=== Goal of the exercise ===
Each record should be given again exactly as it appears, with no image included.

=== Task material ===
************

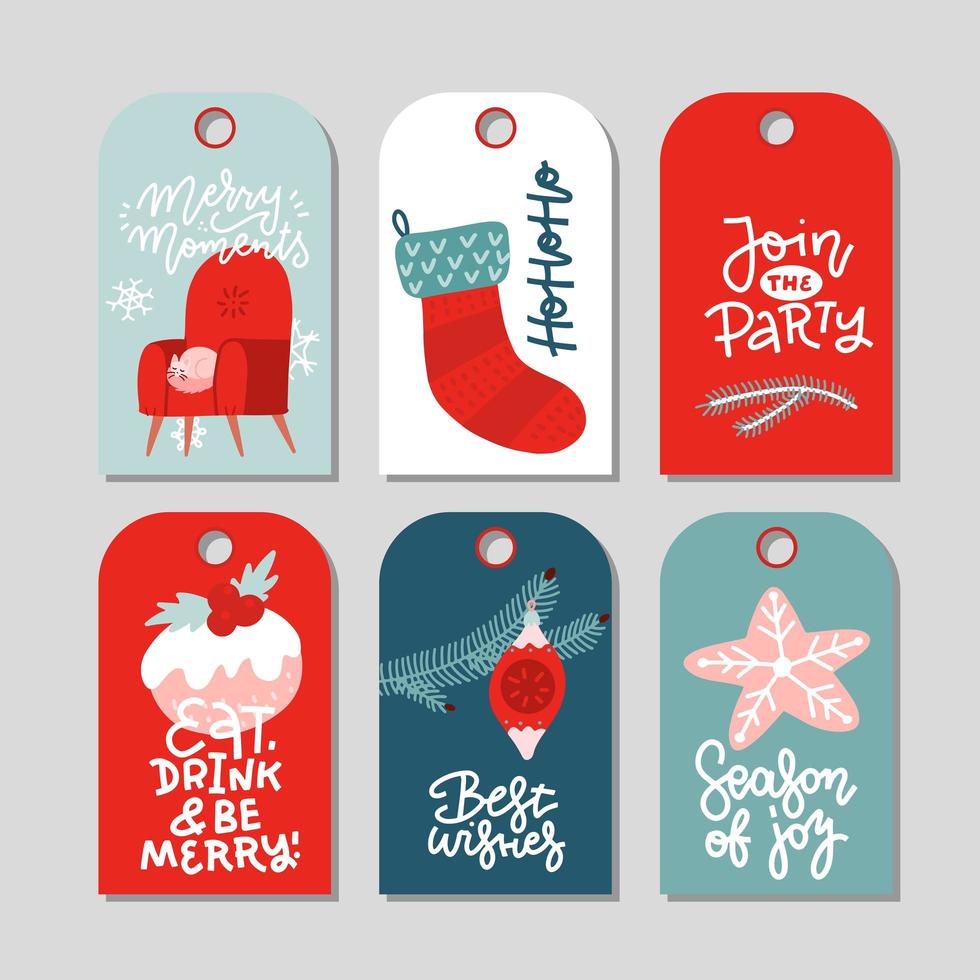 modern kerstcadeaulabel plat stijlvol ontwerp. set kersttags met sok, peperkoek, kerstboomversiering en belettering. platte vectorillustratie. vector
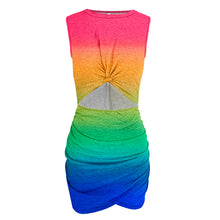 Load image into Gallery viewer, Hollow Out Dress Women Gradient Print Sleeveless Twist Bodycon Dress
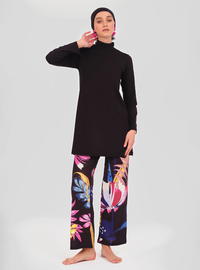 Burkini mit Blumenmuster Schwarz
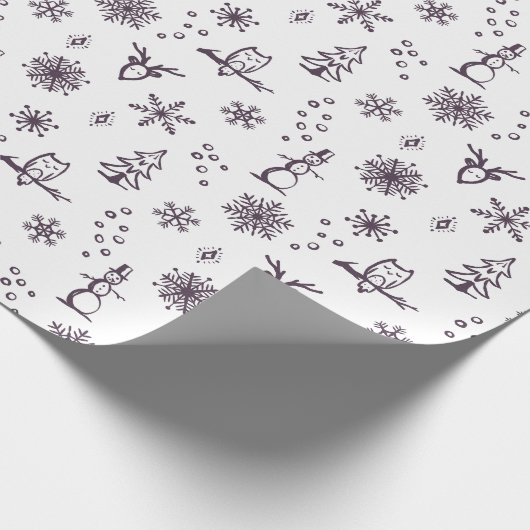 Winter-Wrapping Paper - Schnee + Abb. Geschenkpapier (Ecke)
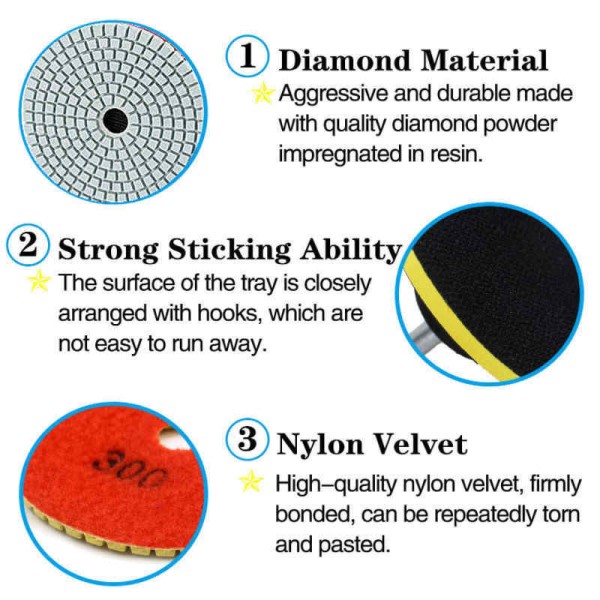 16 stykker 4 tommer 100 mm diamant polering puder sæt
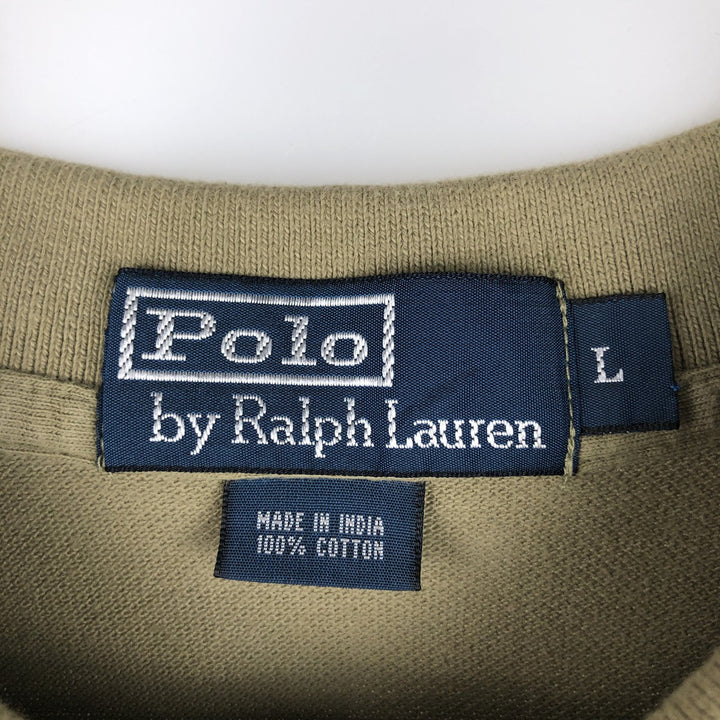 Ralph Lauren POLO by Ralph Lauren short sleeve polo shirt, men's size L cotton Khaki type Vintage Second Hand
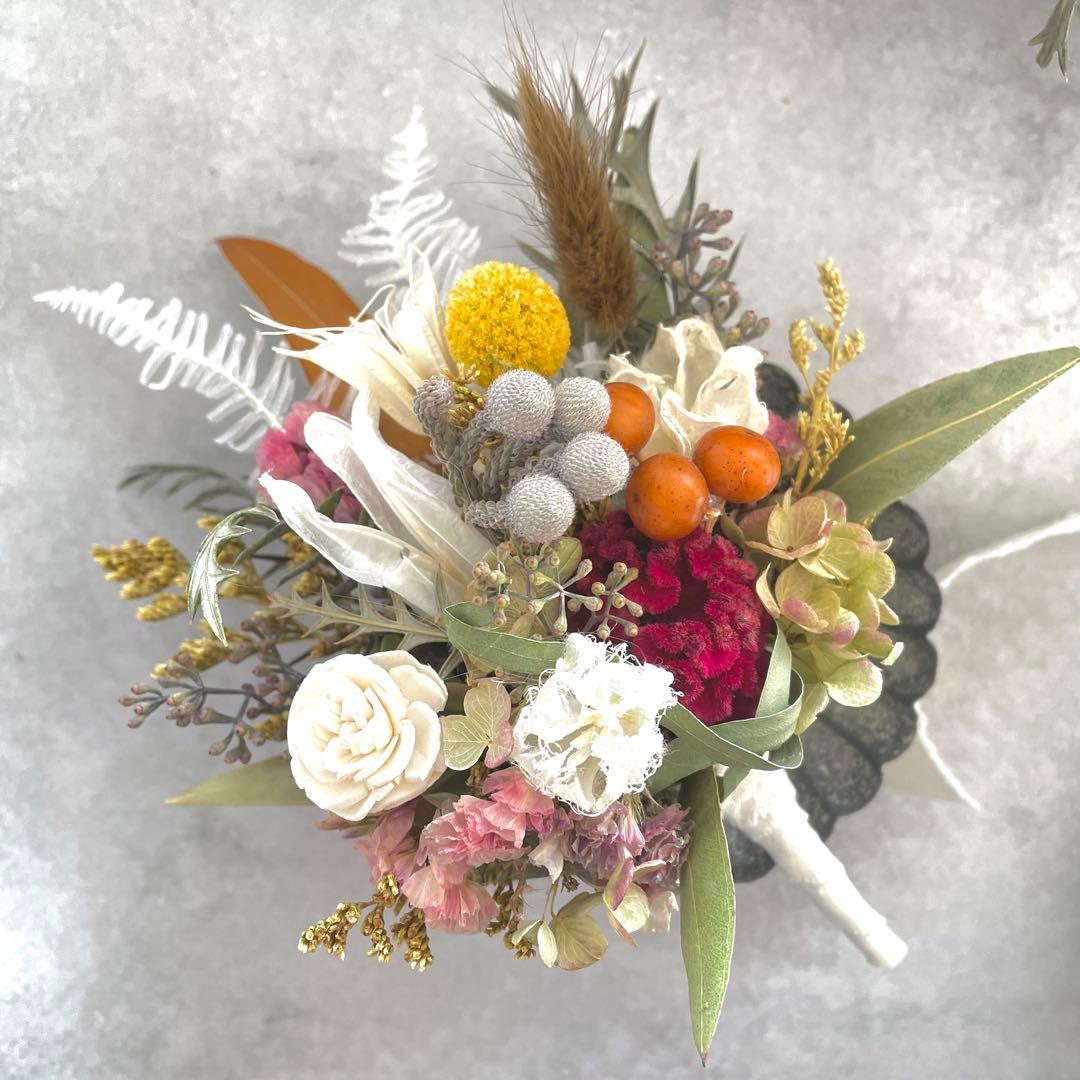 【る】ネイティブフラワーのドライブーケ 46㌢ ブートニア ヘッドドレス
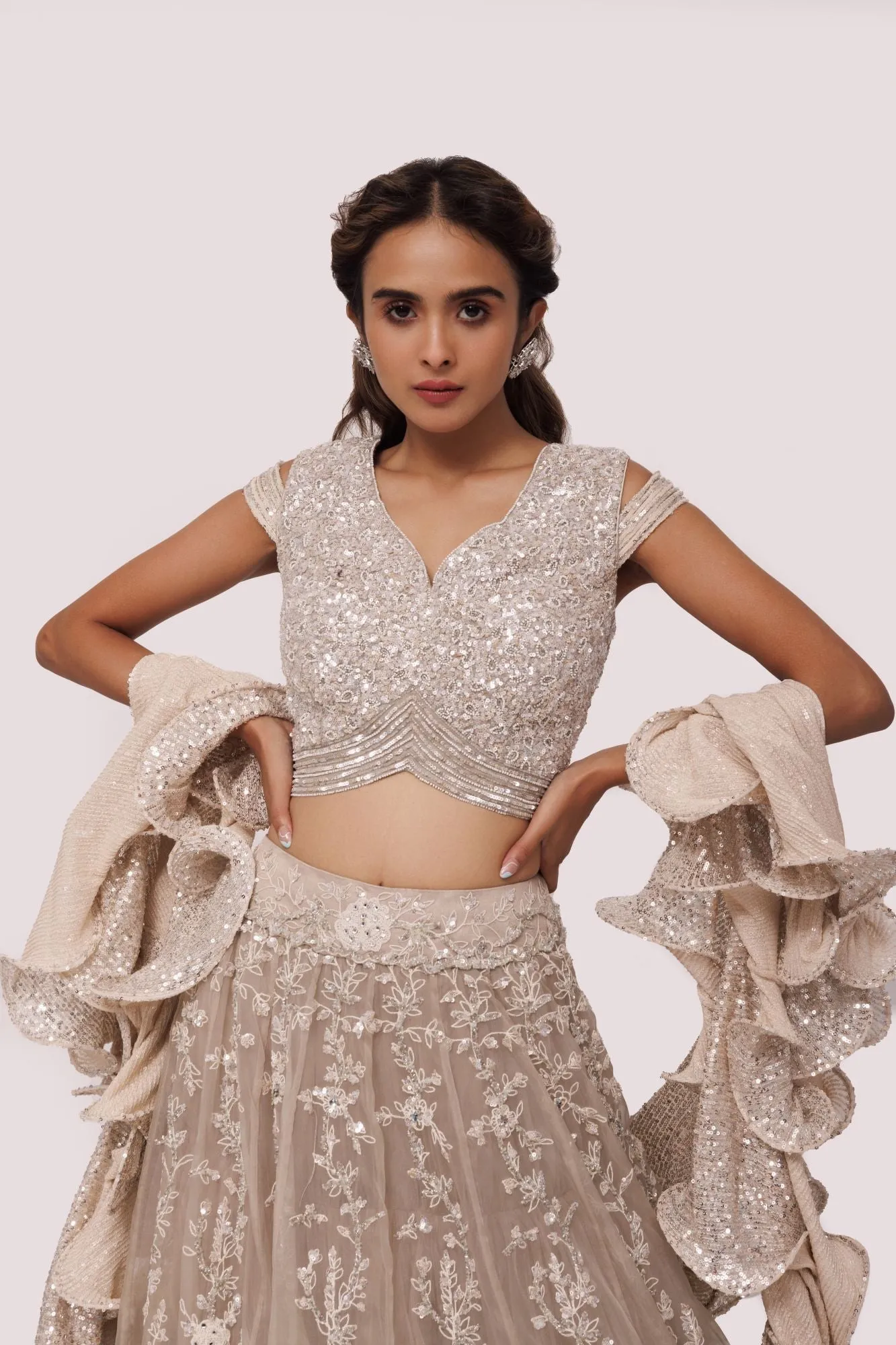 30Z346-RO Bone White Embroidered Net and Organza Lehenga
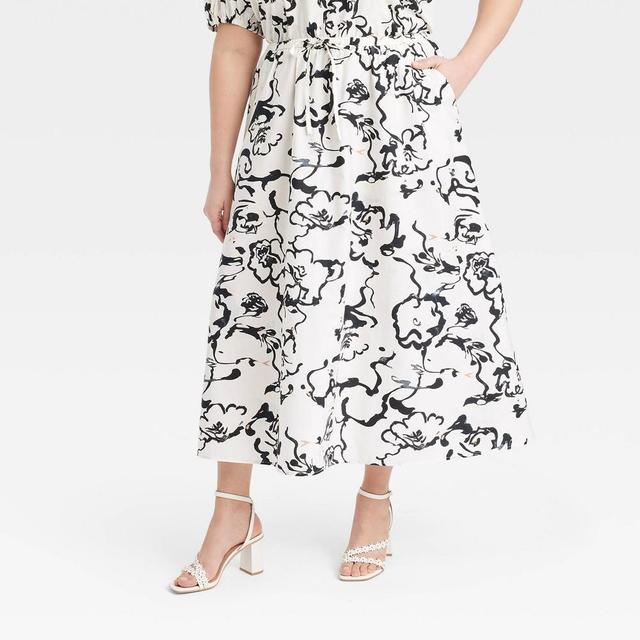 Womens Midi A-Line Skirt - A New Day Floral 4X Product Image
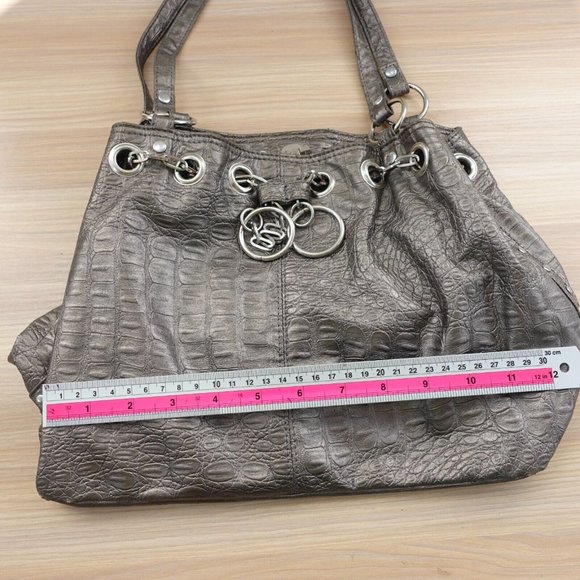 Crocodile Bag Leather Shoulder Gray Bucket Purse Embossed Studded Exotic Faux - Picture 8 of 15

************

=== Solution to this problem ===
 modern kerstcadeaulabel plat stijlvol ontwerp. set kersttags met sok, peperkoek, kerstboomversiering en belettering. platte vectorillustratie. vector
 Load image into Gallery viewer, Hollow Out Dress Women Gradient Print Sleeveless Twist Bodycon Dress
 Burkini mit Blumenmuster Schwarz
 Winter-Wrapping Paper - Schnee + Abb. Geschenkpapier (Ecke)
 16 stykker 4 tommer 100 mm diamant polering puder sæt
 Ralph Lauren POLO by Ralph Lauren short sleeve polo shirt, men's size L cotton Khaki type Vintage Second Hand
 【る】ネイティブフラワーのドライブーケ 46㌢ ブートニア ヘッドドレス
 30Z346-RO Bone White Embroidered Net and Organza Lehenga
 Womens Midi A-Line Skirt - A New Day Floral 4X Product Image
 Crocodile Bag Leather Shoulder Gray Bucket Purse Embossed Studded Exotic Faux - Picture 8 of 15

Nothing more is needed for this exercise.